Hint: use a quantisation factor to multiply Qstd. The scaled matrix must then be rounded and clipped to have positive integer values ranging from 1 to 255.
e. Print (disp) Qhigh and explain how you created the high quantisation matrix (i.e., what quantisation factor you chose and why).
f.In myJPEG.m, apply high quantisation to the 8x8 matrices of DCT coefficients for the R, G, and B channels, using Qhigh.
g.Print (disp) the 8x8 matrix of quantised DCT coefficients (high quantisation) or each channel (R, G, and B).
h.Compare the 6 matrices obtained in part c. (standard quantisation) and g. (high quantisation) and comment. Discuss how the choice of quantisation matrix might affect the compression rate.
7. Quantisation (Ycbcr image)
a.In myJPEG.m, apply (1) standard, then (2) high quantisation to the DCT coefficients of the cb and cr channels only, using Qstd and Qhigh respectively. Do not quantise the matrices of the Y (luminance) channel.
b.Print (disp) side by side the first 8x8 matrix of quantised DCT coefficients (standard quantisation on the left, high quantisation on the right) for each of the cb and cr channels.
8. Decompression
a.In myJPEG.m, multiply the quantised DCT values of all compressed channels (R, G, B, cb, and cr) by the quantisation matrix you used for quantisation (standard or high). Comment your code.

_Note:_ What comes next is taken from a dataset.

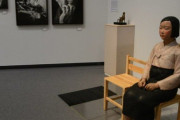 「平和の少女像」６年ぶりに東京で展示。津田大介氏「少女像の展示を恐れてはならない」　ー韓国紙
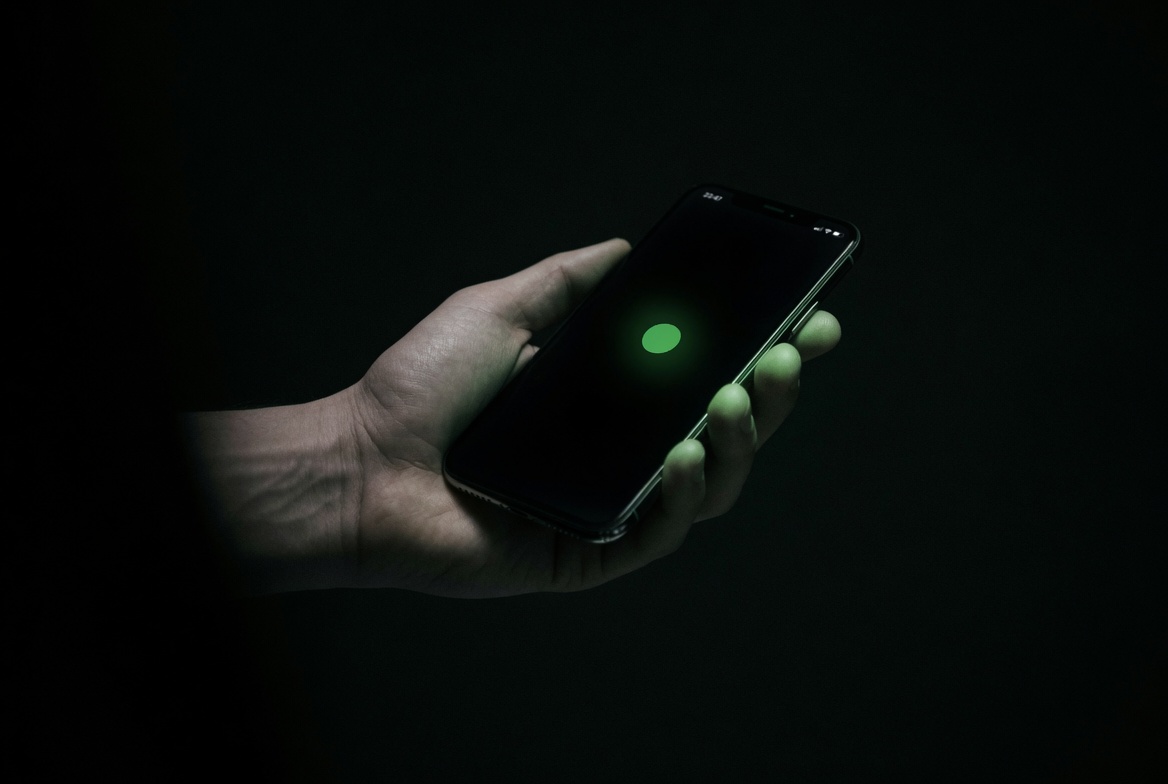 iOS / Android App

b.Print (disp) side by side the first 8x8 matrix of restored DCT coefficients for the R, G, B channels (standard quantisation on the left and high quantisation on the right).
c.Compare the six matrices above with the matrices of Question Q5b. (coefficients before quantisation). Comment and explain.
d.In myJPEG.m, apply the inverse DCT (idct2) to all 8x8 matrices of DCT coefficients for all channels (standard and high quantisation, R, G, B, Y, cb, cr). Don’t forget to add 128 to each matrix element and to round the values. Comment your code.
e.Print (disp) the first 8x8 matrix of reconstructed pixel values for the three R, G, B channels, (standard quantisation on the left and high quantisation on the right).
f.Compare the six matrices above with the matrices of Question Q4f. (original pixel values). Comment and explain.